NO. 23948
 
 

IN THE INTERMEDIATE COURT OF APPEALS

OF THE STATE OF HAWAI`I
 
 
 
 

STATE OF HAWAI`I, Plaintiff-Appellee, v.
LAURIE ANN MATANZA, Defendant-Appellant
 
 
 
 

APPEAL FROM THE FIRST CIRCUIT COURT
(CR. NO. 99-2147)
 
 

MEMORANDUM OPINION
(By: Burns, C.J., Watanabe and Foley, JJ.)

Defendant-Appellant Laurie Ann Matanza (Matanza) appeals from the November 15, 2000, Judgment of the Circuit Court of the First Circuit (circuit court). Matanza was convicted, pursuant to a jury trial, (1) of Promoting a Dangerous Drug in the Third Degree, in violation of Hawai`i Revised Statutes (HRS) § 712-1243 (1993). (2) Matanza was sentenced to a maximum term of imprisonment of five years.

On appeal, Matanza contends the circuit court erred in refusing to instruct the jury on the defense of mistake of fact. We disagree with Matanza and affirm the Judgment of the circuit court.

I. BACKGROUND

At trial on September 19, 2000, the following evidence was adduced through the State's witnesses.

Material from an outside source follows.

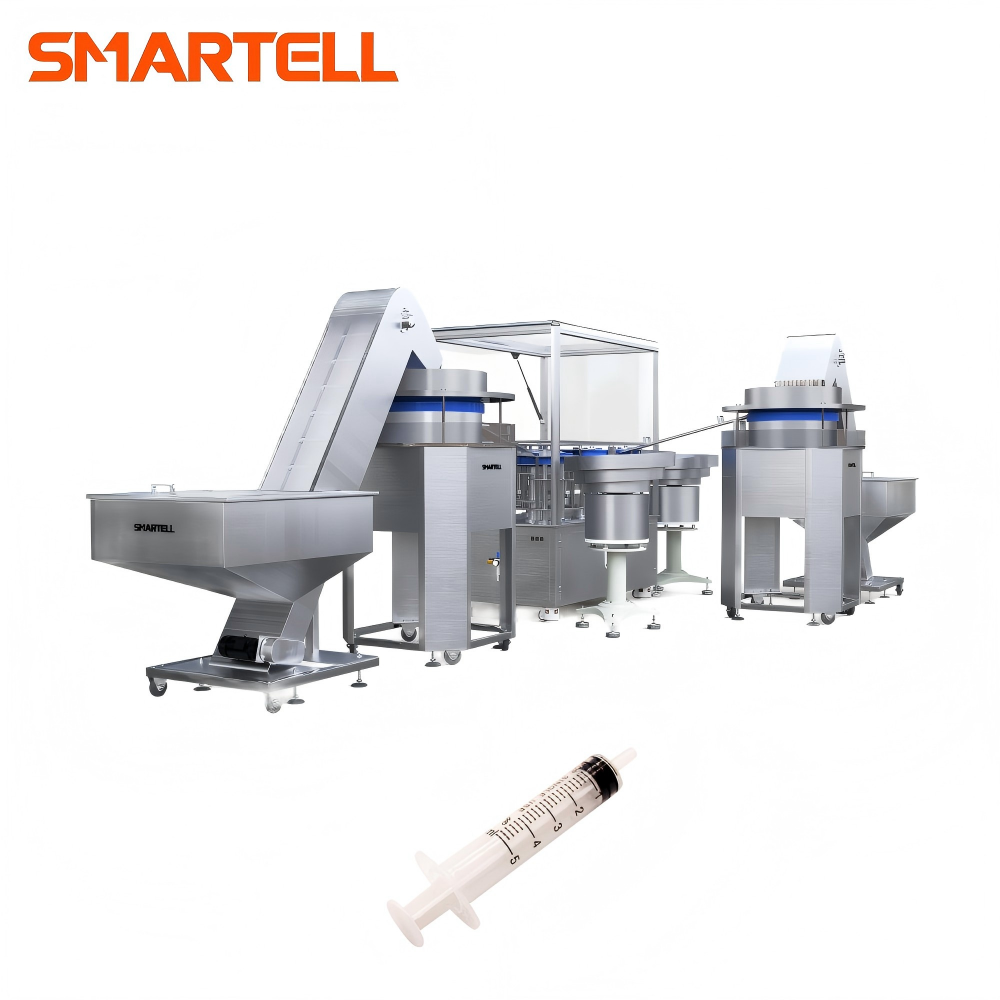 Automatic Disposable 5 ML Luer Slip Syringe Manufacturing Machine Assembly Machine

On July 31, 1998, Honolulu Police Officer Ray Bermudes (Bermudes) posed as a drug dealer in an undercover capacity. Bermudes was issued four packets containing rock cocaine that he placed in his right front pants pocket. Bermudes wore a transmitter device and was instructed to give two signals once a drug transaction had been completed. The audio signal was "have a nice day," and the hand signal was a wave from the ear straight out. Five other undercover officers stood in a cluster near Bermudes at the corner of Kanoa Street and Pua Lane. The arrest team of five or six police officers observed the scene from within a rented van (the police van), which was parked with its motor running approximately fifteen feet from Bermudes. Another officer videotaped the scene from approximately four- to five-hundred feet south of Bermudes' location.

Matanza drove up and parallel parked about four feet away from Bermudes. Still in the driver's seat, Matanza leaned toward the passenger-side door, outside of which Bermudes was standing. Bermudes opened Matanza's car door and asked if she needed something. Matanza responded that she needed a "20" -- street vernacular for $20 of narcotics. Bermudes pulled a ziploc baggie of rock cocaine from his right front pants pocket and held it in his palm. Bermudes reached in the car with his right hand and placed the baggie in Matanza's hand, which was facing palm up. Matanza handed Bermudes a $20 bill within five seconds of receiving the baggie. Bermudes did not recall whether Matanza looked at the drugs before handing him the $20 bill. At the conclusion of the transaction, Bermudes said "have a nice day."

The police van began moving toward Matanza before Bermudes gave the signals to indicate the transaction was concluded. After Bermudes signaled, the police van parked perpendicularly behind Matanza, blocking Matanza's car. The arrest team immediately exited the police van. Matanza threw the drugs onto the right front passenger seat. Officer Thomas Taflinger jumped out of the police van, pulled Matanza out of the car, and arrested her for promoting dangerous drugs in the third degree.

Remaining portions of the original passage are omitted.